Even if you just see it on TV.
The whole world watched today as Iraqis and American Marines lynched and toppled the most prominent of Baghdad's many giant Saddam Hussein statues.
It symbolized so much. The Iraqis couldn't do it by themselves; they needed help from foreign troops and their machines. The Giant Saddam didn't fall down all at once. And there was fighting just a few miles away.
But the live televised fall of that massive statue will be The Image.
It may not yet be entirely clear whether The Image marked the fall of Baghdad, the vanquishing of Saddam or something far more complicated.
It doesn't much matter. It is indelible.
There may be much more fighting ahead. Saddam may join the ranks of Osama bin Laden and Eric Rudolph as an uncatchable villain. Or it could all be over by the weekend.
The next phase of Iraqi history may be a prolonged foreign occupation marked by terrorism and violence. Or it may be the beginning of Iraq's transition into being an open society, an inspiration to other Arab countries.
Whatever the eventual outcome, today's image is indelible.
Already The Image means different things to different people. Of course it does. Every viewer, from every place, has a unique perspective. And the thing about most people's perspectives on the news and history is that they think they are objective. None are.
On the conservative weeklystandard.com, David Brooks wrote, "However things shake out over the next months and years, this is the sort of day that represents what the United States is on earth to achieve. Thank God we have the political leaders and the military capabilities to realize the ideals that have always been embodied in our founding documents."
Tewfic Mishlawi, editor of the English language Middle East Reporter, told UPI, "Despite that Iraqis want to see Saddam removed from power and have suffered from his brutal regime, they will resent a foreign power," he said.
But he added, "The purpose is to establish Israel as a dominating power in the region on behalf of the U.S."
Bit of a different take on things than we Americans are used to hearing.
On Al Jazeera's English Web site, the lead story was a very straight forward account of the day's news: "'No more Saddam Hussein,' chanted one group, waving to troops as they passed. 'We love you, we love you.' One young man ran alongside a Marine armored personnel carrier trying to hand over a heavy belt of ammunition. An older man made a wild kicking gesture with his foot, saying 'Goodbye Saddam.'"

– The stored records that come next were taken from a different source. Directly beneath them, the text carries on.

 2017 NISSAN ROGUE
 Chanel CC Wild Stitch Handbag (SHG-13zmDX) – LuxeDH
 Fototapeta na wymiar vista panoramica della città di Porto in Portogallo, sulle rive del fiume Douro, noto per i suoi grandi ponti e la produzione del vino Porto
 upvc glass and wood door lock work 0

Further down the page, other headlines: "Will U.S. Fabricate WMD Evidence" and "Dead Al Jazeera Correspondent Deliberately Targeted."

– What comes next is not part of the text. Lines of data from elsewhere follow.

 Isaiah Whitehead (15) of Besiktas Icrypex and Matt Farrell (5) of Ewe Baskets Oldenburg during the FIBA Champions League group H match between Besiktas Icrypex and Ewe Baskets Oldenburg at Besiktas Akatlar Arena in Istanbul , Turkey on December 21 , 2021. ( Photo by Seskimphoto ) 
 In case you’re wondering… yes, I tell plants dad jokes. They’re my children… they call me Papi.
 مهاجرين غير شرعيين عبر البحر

An editorial on Arabnews.com bitterly said:
"Everyone has betrayed everyone. America led the way, abandoning its Jeffersonian democratic foundations in favor of crude economic exploitation and colonial expansion. The Arabs quickly followed suit, abandoning their brothers. Britain turned its back on Europe, while Europe chose lip service over action when push came to shove. Saddam long ago betrayed his people and so the Iraqi people, in turn, predictably betrayed him. Less predictable, but equally devastating, was the passive betrayal of the Republican Guard. They betrayed their honor and dignity, which we are supposed to believe are the most important things to any Arab man, let alone an Arab fighter."
In some parts of the world, it's a war of occupation. In others, it's a war of liberation. And in others, it's simply a war of self-preservation.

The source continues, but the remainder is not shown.